Serves 1 super hungry person, probably 2-3 reasonable people

3/4 cup whole wheat penne (or macaroni if you’re a traditionalist or otherwise prepared)

1 tbsp. butter

1/2 cup diced yellow onion

1 tbsp. smoked paprika

Salt & pepper, to taste

3 tbsp. flour

3/4 cup milk, anything but skim

1/3 cup shredded cheese (I used a mexican blend from Trader Joe’s)

Spinach to serve

In a large pot of salted boiling water, add the noodles. Cook according to package directions, maybe just shy of their instruction (9.5 minutes instead of 10). Strain the noodles and set aside (ideally for minimal minutes).

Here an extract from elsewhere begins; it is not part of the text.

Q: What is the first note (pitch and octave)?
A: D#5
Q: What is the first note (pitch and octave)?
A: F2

Sauté the diced onion in the butter over medium low heat for 10 minutes, until softening and translucent. Add the paprika, salt, and pepper. Stir in the 3 tbsp. of flour until fully incorporated with the butter, forming a thick paste. Whisk in 3/4 cup of milk and bring to a boil over the same low temperature. Continue whisking until a thick sauce forms, almost the consistency of nacho cheese from a terrible baseball game. Add in the cheese and whisk to combine. The sauce will be quite thick, but consequently very adherent to the noodles.

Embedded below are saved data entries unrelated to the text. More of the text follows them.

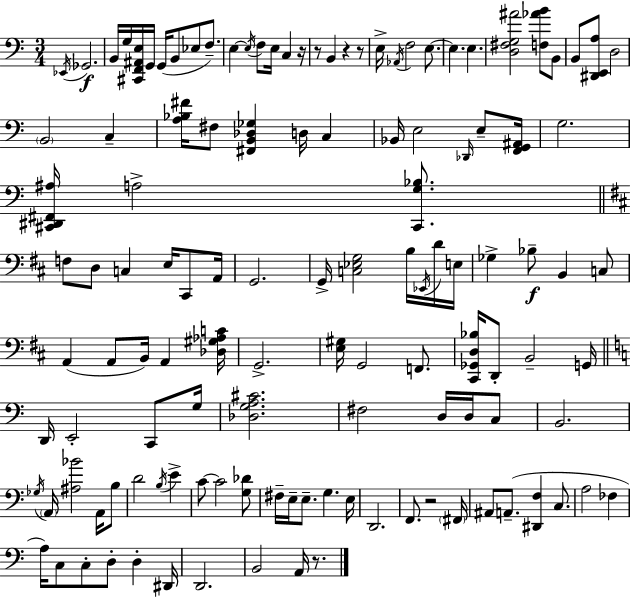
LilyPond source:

{
  \clef bass
  \numericTimeSignature
  \time 3/4
  \key a \minor
  \acciaccatura { ees,16 }\f ges,2. | b,16 g16 <cis, f, ais, e>16 g,16 g,16( b,8 ees8 f8.--) | e4~~ \acciaccatura { e16 } f8 e16 c4 | r16 r8 b,4 r4 | \break r8 e16-> \acciaccatura { aes,16 } f2 | e8.~~ e4. e4. | <d fis g ais'>2 <f aes' b'>8 | b,8 b,8 <dis, e, a>8 d2 | \break \parenthesize b,2 c4-- | <a bes fis'>16 fis8 <fis, b, des ges>4 d16 c4 | bes,16 e2 | \grace { des,16 } e8-- <f, g, ais,>16 g2. | \break <cis, dis, fis, ais>16 a2-> | <cis, g bes>8. \bar "||" \break \key b \minor f8 d8 c4 e16 cis,8 a,16 | g,2. | g,16-> <c ees g>2 b16 \acciaccatura { ees,16 } d'16 | e16 ges4-> bes8--\f b,4 c8 | \break a,4( a,8 b,16) a,4 | <des gis aes c'>16 g,2.-> | <e gis>16 g,2 f,8. | <cis, ges, d bes>16 d,8-. b,2-- | \break g,16 \bar "||" \break \key c \major d,16 e,2-. c,8 g16 | <des g a cis'>2. | fis2 d16 d16 c8 | b,2. | \break \acciaccatura { ges16 } \parenthesize a,16 <ais bes'>2 a,16 b8 | d'2 \acciaccatura { b16 } e'4-> | c'8~~ c'2 | <g des'>8 fis16-- e16-- e8.-- g4. | \break e16 d,2. | f,8. r2 | \parenthesize fis,16 ais,8 a,8.--( <dis, f>4 c8. | a2 fes4 | \break a16) c8 c8-. d8-. d4-. | dis,16 d,2. | b,2 a,16 r8. | \bar "|."
}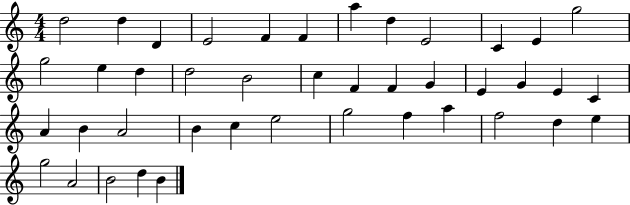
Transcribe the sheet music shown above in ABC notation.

X:1
T:Untitled
M:4/4
L:1/4
K:C
d2 d D E2 F F a d E2 C E g2 g2 e d d2 B2 c F F G E G E C A B A2 B c e2 g2 f a f2 d e g2 A2 B2 d B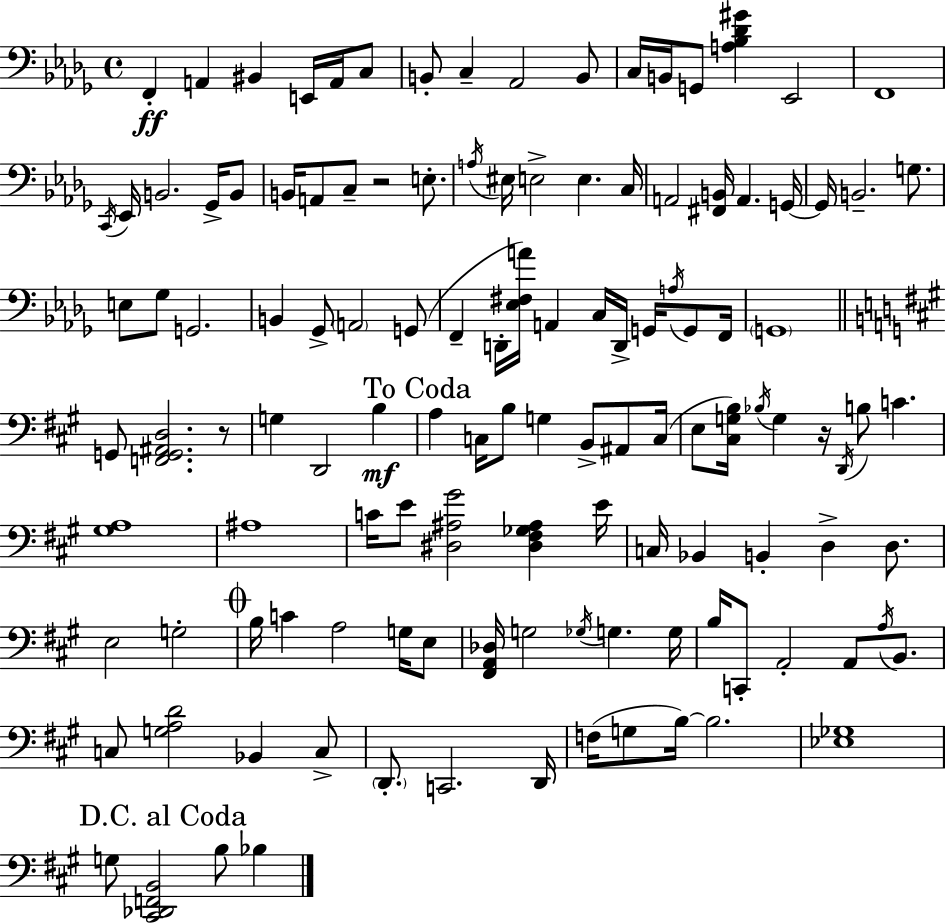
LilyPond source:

{
  \clef bass
  \time 4/4
  \defaultTimeSignature
  \key bes \minor
  f,4-.\ff a,4 bis,4 e,16 a,16 c8 | b,8-. c4-- aes,2 b,8 | c16 b,16 g,8 <a bes des' gis'>4 ees,2 | f,1 | \break \acciaccatura { c,16 } ees,16 b,2. ges,16-> b,8 | b,16 a,8 c8-- r2 e8.-. | \acciaccatura { a16 } eis16 e2-> e4. | c16 a,2 <fis, b,>16 a,4. | \break g,16~~ g,16 b,2.-- g8. | e8 ges8 g,2. | b,4 ges,8-> \parenthesize a,2 | g,8( f,4-- d,16-. <ees fis a'>16) a,4 c16 d,16-> g,16 \acciaccatura { a16 } | \break g,8 f,16 \parenthesize g,1 | \bar "||" \break \key a \major g,8 <f, g, ais, d>2. r8 | g4 d,2 b4\mf | \mark "To Coda" a4 c16 b8 g4 b,8-> ais,8 c16( | e8 <cis g b>16) \acciaccatura { bes16 } g4 r16 \acciaccatura { d,16 } b8 c'4. | \break <gis a>1 | ais1 | c'16 e'8 <dis ais gis'>2 <dis fis ges ais>4 | e'16 c16 bes,4 b,4-. d4-> d8. | \break e2 g2-. | \mark \markup { \musicglyph "scripts.coda" } b16 c'4 a2 g16 | e8 <fis, a, des>16 g2 \acciaccatura { ges16 } g4. | g16 b16 c,8-. a,2-. a,8 | \break \acciaccatura { a16 } b,8. c8 <g a d'>2 bes,4 | c8-> \parenthesize d,8.-. c,2. | d,16 f16( g8 b16~~) b2. | <ees ges>1 | \break \mark "D.C. al Coda" g8 <cis, des, f, b,>2 b8 | bes4 \bar "|."
}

Add the pasta to the cheese sauce. Stir and stir and toss until the noodles are adequately and evenly coated. Serve atop a bed of spinach.

Die.

Well, that’s morbid. But, it’d be ok. Because you’ve had the best ever mac and cheese.

Shrimp and Grits

Shrimp and grits is one of those meals- delicacies, rather- that I never enjoyed until moving to North Carolina. There were a lot of firsts upon entering the South as a formerly-Midwestern girl. I remember the first time I saw the Atlantic ocean, the weekend before moving, staying in a beach-front hotel in Wilmington. The expanse of sand and water was so much greater than what I’d previously known to be a “beach”- the shores of Lake Michigan and the dunes of Northwest Indiana. Not that there’s anything less valuable or beautiful lakeside, but there is something different about salt-water air. I remember that first summer absolutely gasping for air, drowning in the intense humidity, and realizing my hair was actually kind of curly once saturated upon stepping outside. I noticed how much more friendly everyone was, how much more welcoming. I still feel like the South is the most inclusive and comforting of places, a recognition that some may disagree with. But I made such wonderful friends, met such driven yet kind people, and truly relished my time living there. I left for the city life and my Midwest “home” for grad school, but while Chicago is a different kind of excitement and comfort, it doesn’t quite feel right anymore.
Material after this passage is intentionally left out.